I moved into my place about ten years ago and had a similar thing --property was all lawn or parking lot. I planted some twenty trees and they are all thriving. Wonder if I sell the place if the next person will cut them down.
 
Still mourning the garden of one shared house. Pretty much the only gardening we ever did was to cut the bindweed off the apple tree. It genuinely was an accidental biodiversity hotspot - you'd find hawkmoth cocoons just chilling out on the ground, and we actually had snakeshead fritillaries growing wild. Then the landlady got fed up and replaced it all with gravel. I came home to find apple branches being loaded into a woodchipper, apples and all. The stub of the tree did bear fruit the following year, but they kind of tasted of sewage.
Very very distressing.
 
I must admit that the 4 plane trees in my garden are guilty of dropping all (yes, all!) their leaves in autumn, appropriately nicknamed Fall. Yes, blame my trees. It takes me at least one whole day to gather them up and get rid of the messy brown stuff (usually dripping wet because it has rained and rained and rained since they fell), what used to be shadow providing greenery. 'Dirty' doesn't cover it!
Each winter, as a disciplinary action, I enthusiastically and with great satisfaction lop their branches, all the way back so only their bare frame remains. That should teach them!
But no. In springtime they take revenge. They grow so hard you can almost see them shaking, perhaps with hold back laughter. Dirty tricks!
 
In the distant past I owned an 1880's farmhouse with a garden full of an incredible collection of ancient and venerable heritage roses.

When we moved to the "New House" (1991) we brought cuttings from a couple of dozen varieties. Deer and Pestilence have pared them down to eight or ten specimens; but some still live.

A couple years after I sold the Old Place, some one razed the rose gardens for no apparrant reason. No major changes in "Hardscape," or configuration of buildings. It was like someone woke up one morning hating on roses.

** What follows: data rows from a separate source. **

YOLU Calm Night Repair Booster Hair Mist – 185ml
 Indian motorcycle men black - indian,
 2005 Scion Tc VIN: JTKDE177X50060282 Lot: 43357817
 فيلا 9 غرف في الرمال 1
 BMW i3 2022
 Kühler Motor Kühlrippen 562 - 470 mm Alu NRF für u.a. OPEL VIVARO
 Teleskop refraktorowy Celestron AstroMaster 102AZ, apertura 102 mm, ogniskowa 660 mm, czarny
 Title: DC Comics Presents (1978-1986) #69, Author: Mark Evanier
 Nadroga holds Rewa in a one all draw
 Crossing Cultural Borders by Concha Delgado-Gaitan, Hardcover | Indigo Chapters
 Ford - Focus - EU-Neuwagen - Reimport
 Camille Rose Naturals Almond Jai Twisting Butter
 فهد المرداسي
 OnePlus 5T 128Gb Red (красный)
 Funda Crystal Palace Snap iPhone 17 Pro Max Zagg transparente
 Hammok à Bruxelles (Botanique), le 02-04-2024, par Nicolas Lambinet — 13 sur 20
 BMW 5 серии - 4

And yet, the Chimney remains. The place has an amazing, massive river-rock chimney, all the way up to the gables of the second floor. It had a gaping crack, vertically up the center when I bought it. I had it professionally regrouted and lined with astainless steel flue and an insert in the fireplace. Every time we have a major earthquake, I like to drive by and see that the chimney remains, unchanged.

But the Roses?!?
 
Our previous house was built in part of an old orchard and had a wonderful collection of apple and pear trees including a massive wild pear tree that was a riot of blossom every year - and had small, hard lethal pears dropping from a great height every Autumn. On a happy note, apart from the top being taken out of the 40 feet tall pear, it has survived over 20 years of changes of ownership. I look on googlemaps/house sale websites every year or two to see what has happened. They did cut down the oak in the front garden though :(
We cut down a dangerous walnut and also a perfectly harmless former Christmas tree that was growing great guns in the middle of the veg patch and shading half of it.
Think it is really sad when trees get levelled, all the years of growth, the beauty, the wildlife depending on it.